▸ WHAT THIS TASK INVOLVES
Below this line are records; transcribe exactly the lines between the one holding "A tray with" and the one holding "Image with focus", inclusive, and omit the pictures.

== Segment start ==

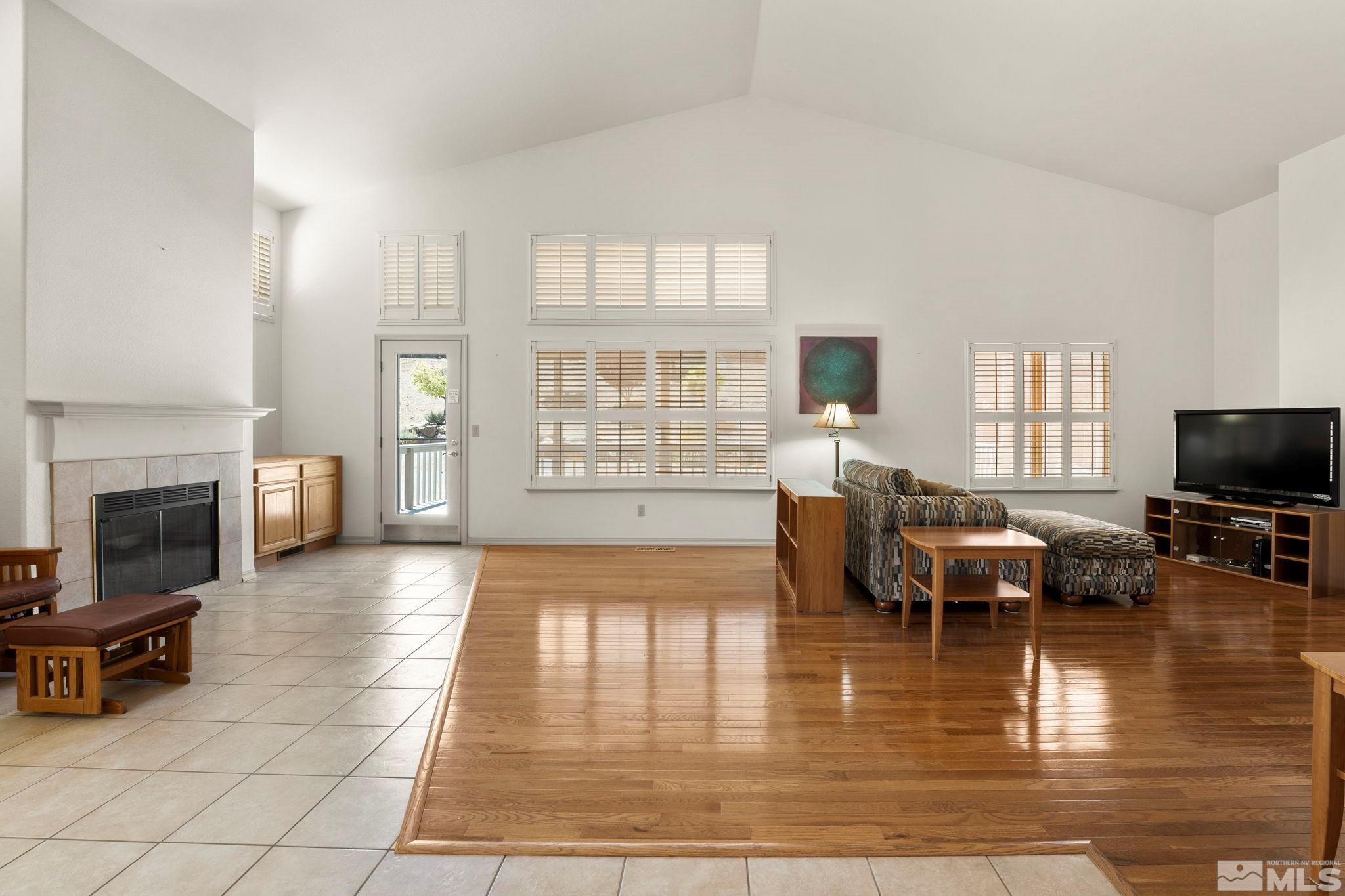 50 Deer Valley Court Reno, NV 89511 - Photo 11 of 39 a living room with fireplace furniture and a floor to ceiling window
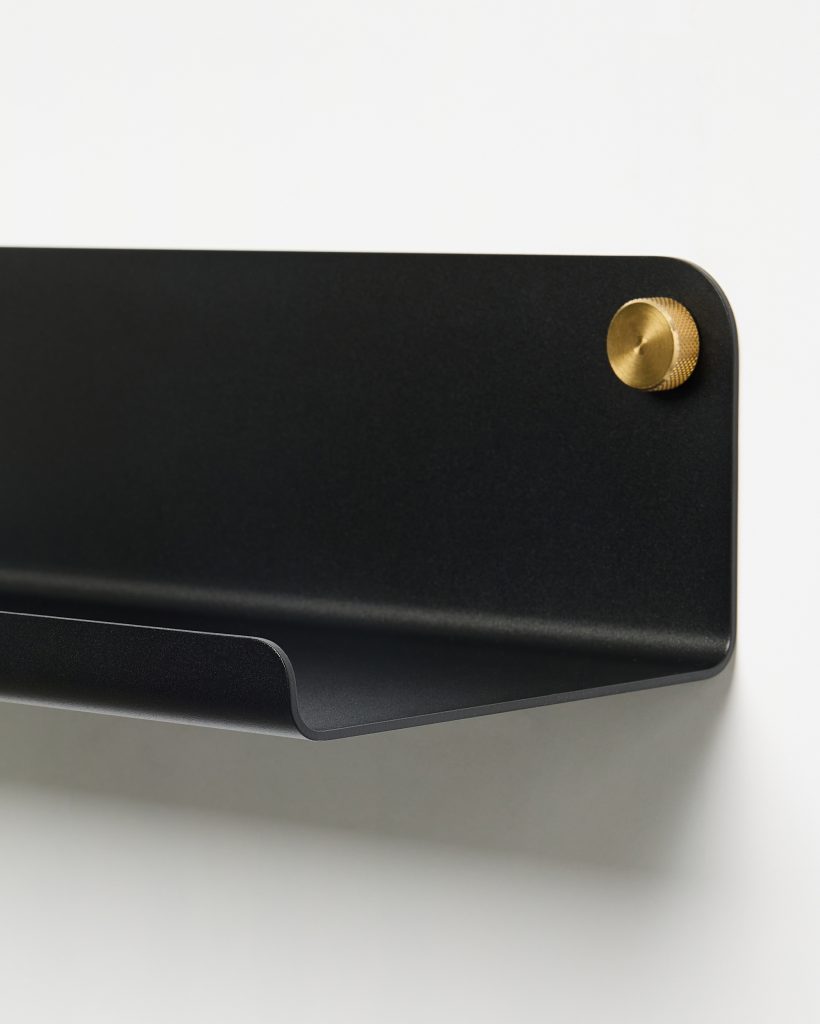 Zwarte metalen wandplank van WoodUpp met gebogen voorkant en subtiele opstaande rand, bevestigd aan de muur met een goudkleurige, geribbelde messing knop. Minimalistisch, mat oppervlak en afgeronde hoeken; geschikt als opbergplankje voor kleine objecten of display in modern interieur, stijlvol.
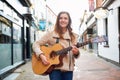 Portrait Of Young Female Musician Busking Playing Acoustic Guitar And Singing Outdoors In Street Royalty Free Stock Photo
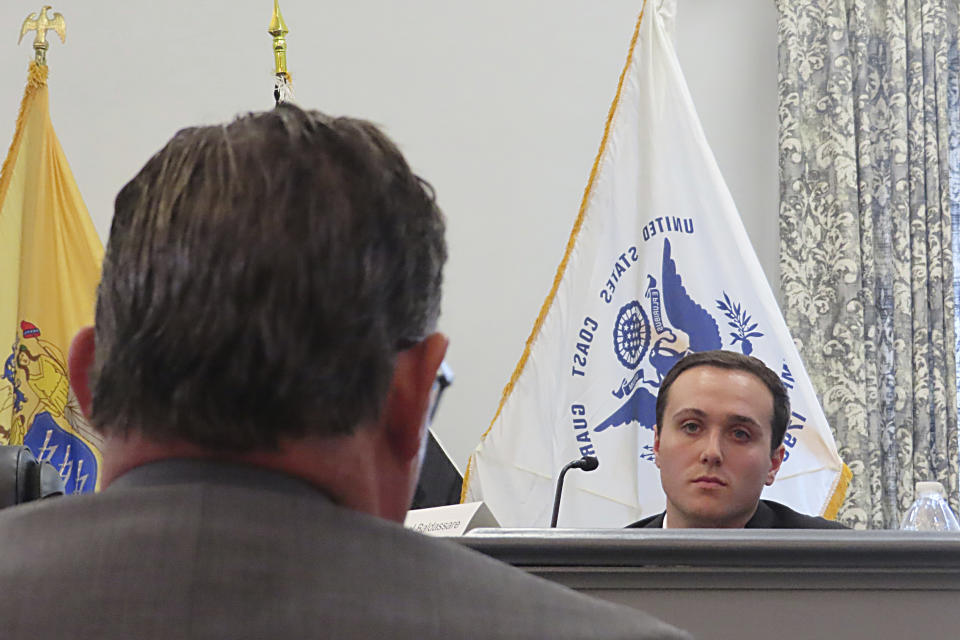 Gaven Puchinsky is questioned at a hearing Wednesday, Jan. 10, 2024, in Union, N.J. into a fatal cargo ship fire in Newark N.J. last July that killed two firefighters. Puchinsky testified a Jeep he was using to push vehicles onto the ship burst into flames aboard the vessel. (AP Photo/Wayne Parry)
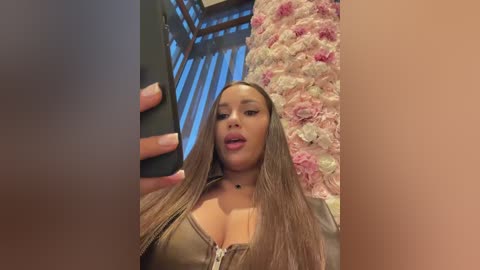 Video of a light-skinned woman with long, straight brown hair, wearing a low-cut, shiny, olive-green top, posing indoors near a floral-patterned wall and a black smartphone.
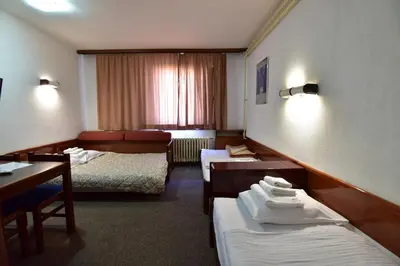 a hotel room with two beds and a table at Apartments JAT Kopaonik in Kopaonik
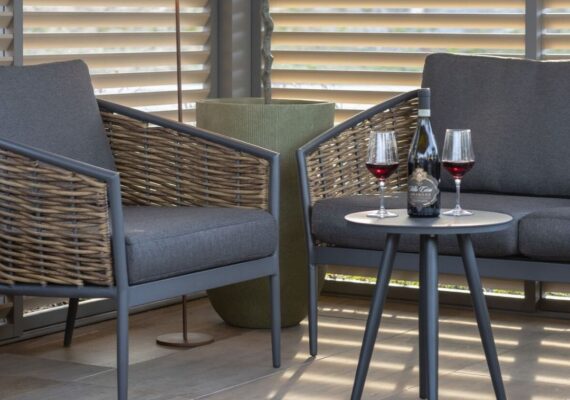 Zwei Outdoor Lounge-Sessel mit grauen Kissen, Rattandetails und kleinem runden Tisch mit Rotwein, im überdachten Aussenbereich von Nook.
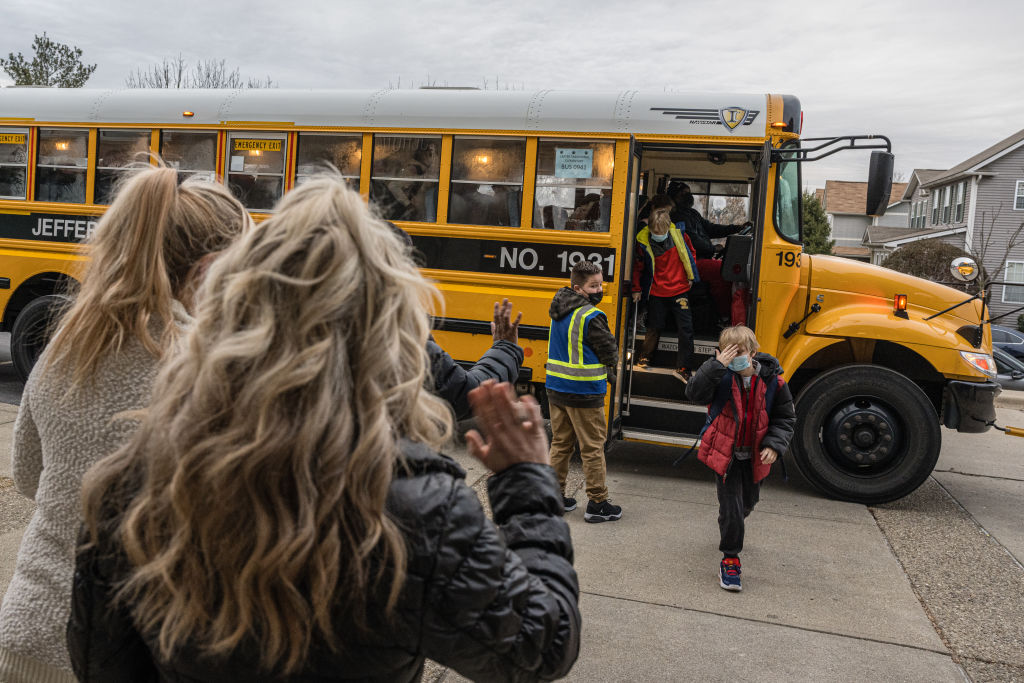 Teachers greet students getting off a school bus in Louisville, Ky.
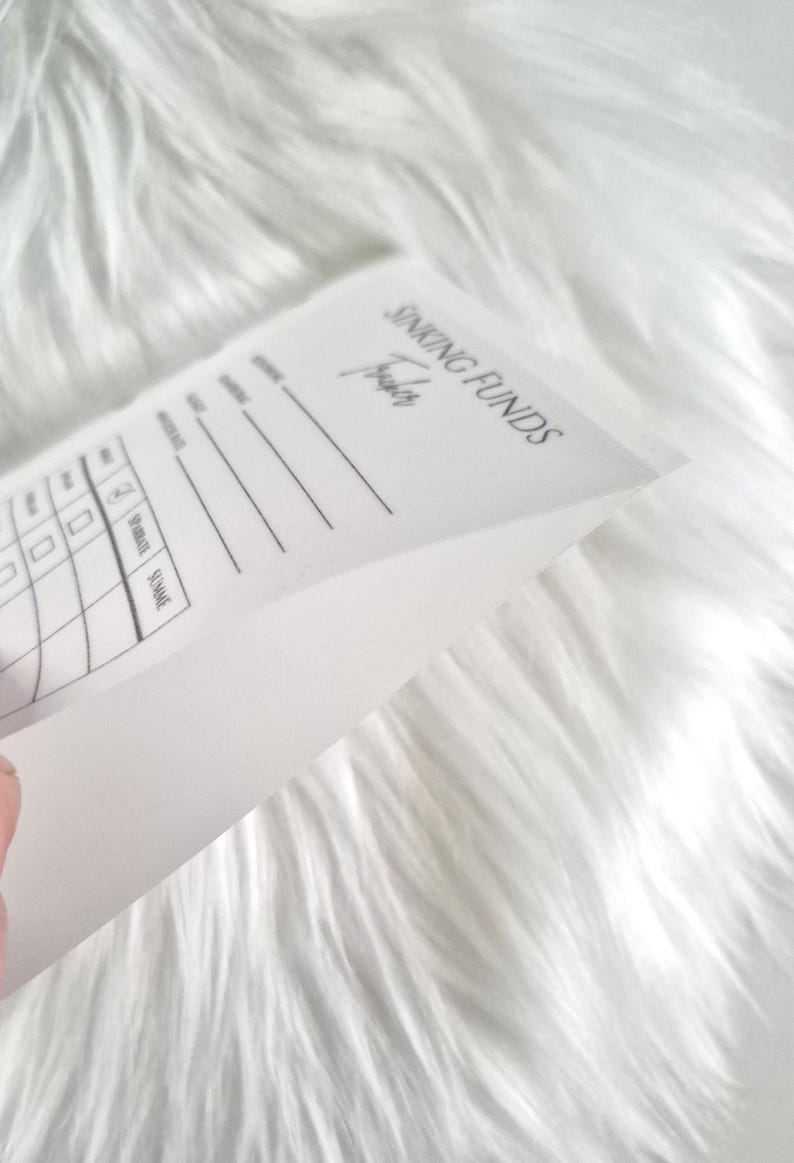 May include: A white paper sinking funds tracker sheet with black printed text and lines. The document features the header SINKING FUNDS Tracker, followed by columns for date, description, and amount, with checkboxes for tracking financial progress.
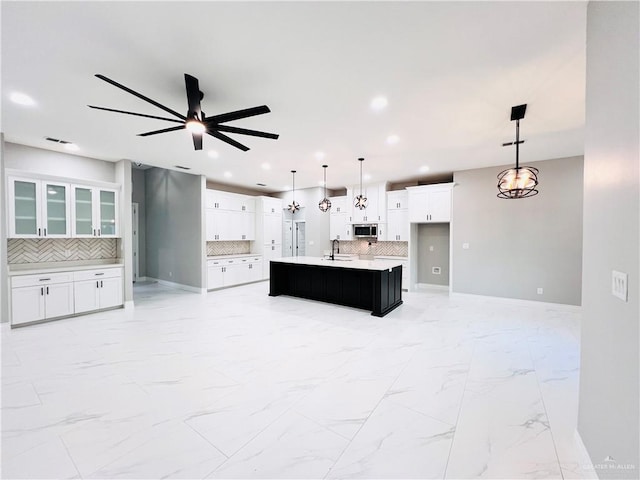 kitchen with backsplash, decorative light fixtures, and a kitchen island with sink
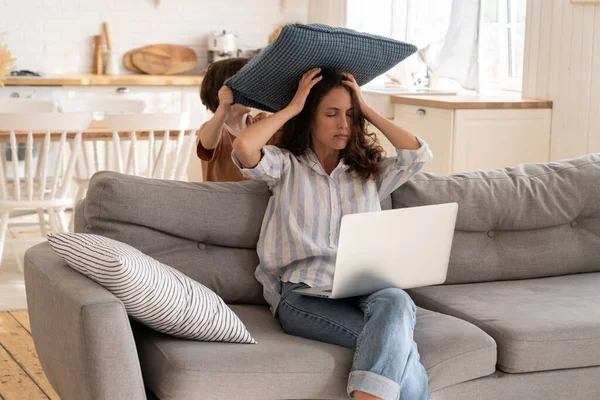 Frustriert mutter versuchen bis arbeit von zuhause sitzen mit laptop auf couch mit kleinem sohn schlagen sie kissen — Stockfoto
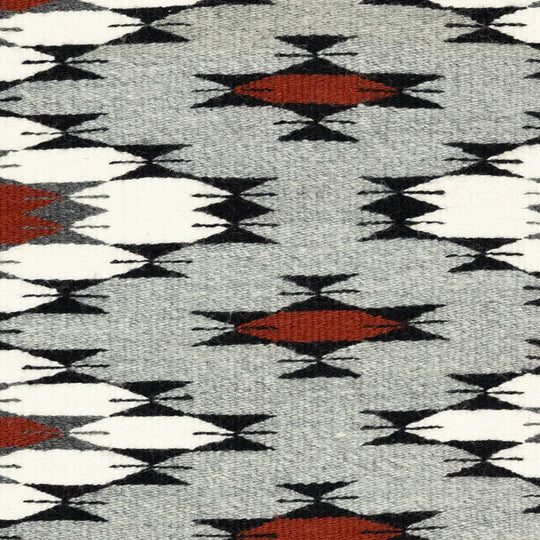 Close-up of a patterned fabric with geometric design in red, black, and white on gray background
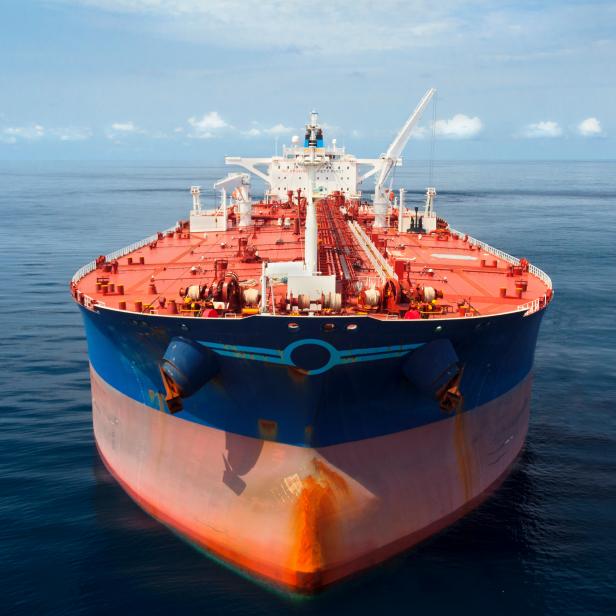 155420181 Aerial photo of a large oil tanker floating in calm seas.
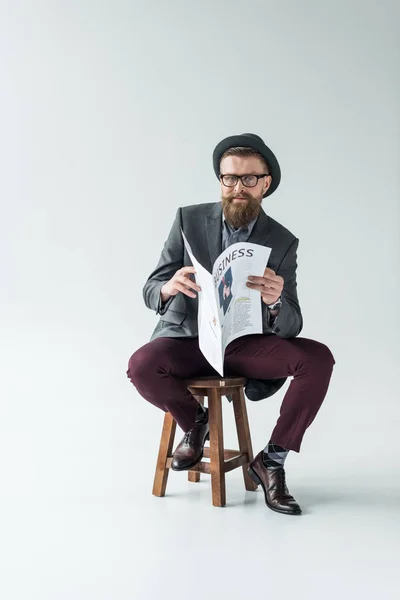 Homme d'affaires avec moustache vintage et barbe lisant un journal d'affaires assis sur un tabouret — Photo de stock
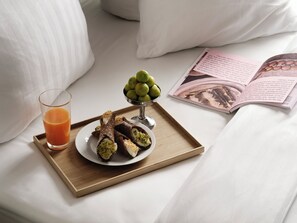 A tray with a glass of orange juice, a plate of pastries, and a bowl of green fruits on a bed with pillows and an open magazine. - Mekano Apartment Hotel (Copenhagen)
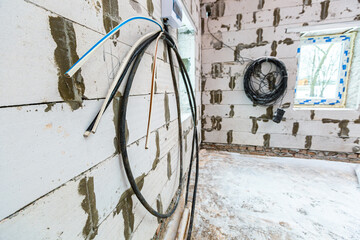 Image with focus view on the electrical power cables fixed on the wall made from foamed concrete...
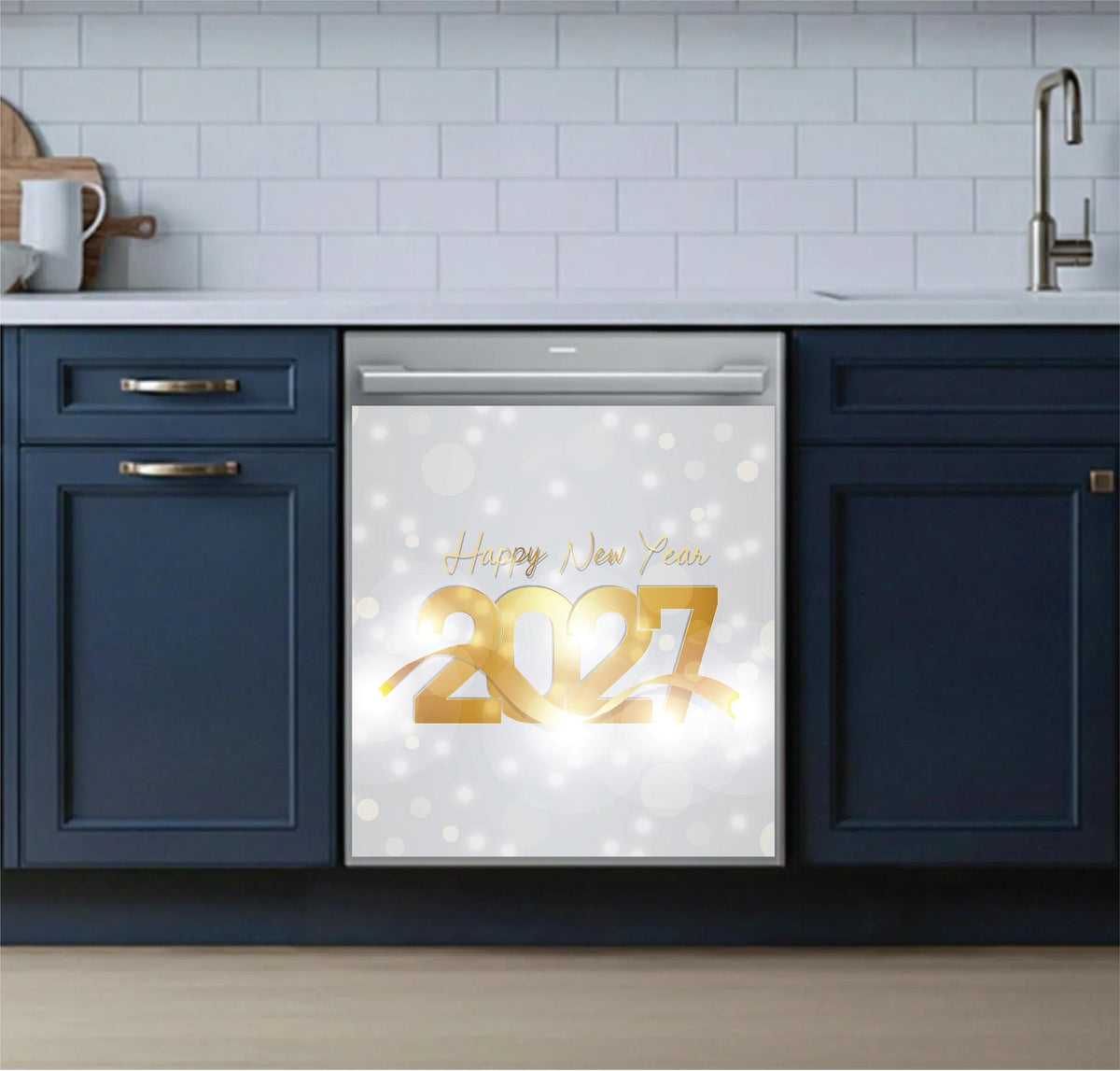 A stainless steel dishwasher in a modern kitchen setting, featuring a decorative 'Happy New Year 2027' dishwasher magnet on the door with a white bokeh background.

== Segment end ==

▸ RESULT FOR THIS EXERCISE
 A tray with a glass of orange juice, a plate of pastries, and a bowl of green fruits on a bed with pillows and an open magazine. - Mekano Apartment Hotel (Copenhagen)
 Image with focus view on the electrical power cables fixed on the wall made from foamed concrete...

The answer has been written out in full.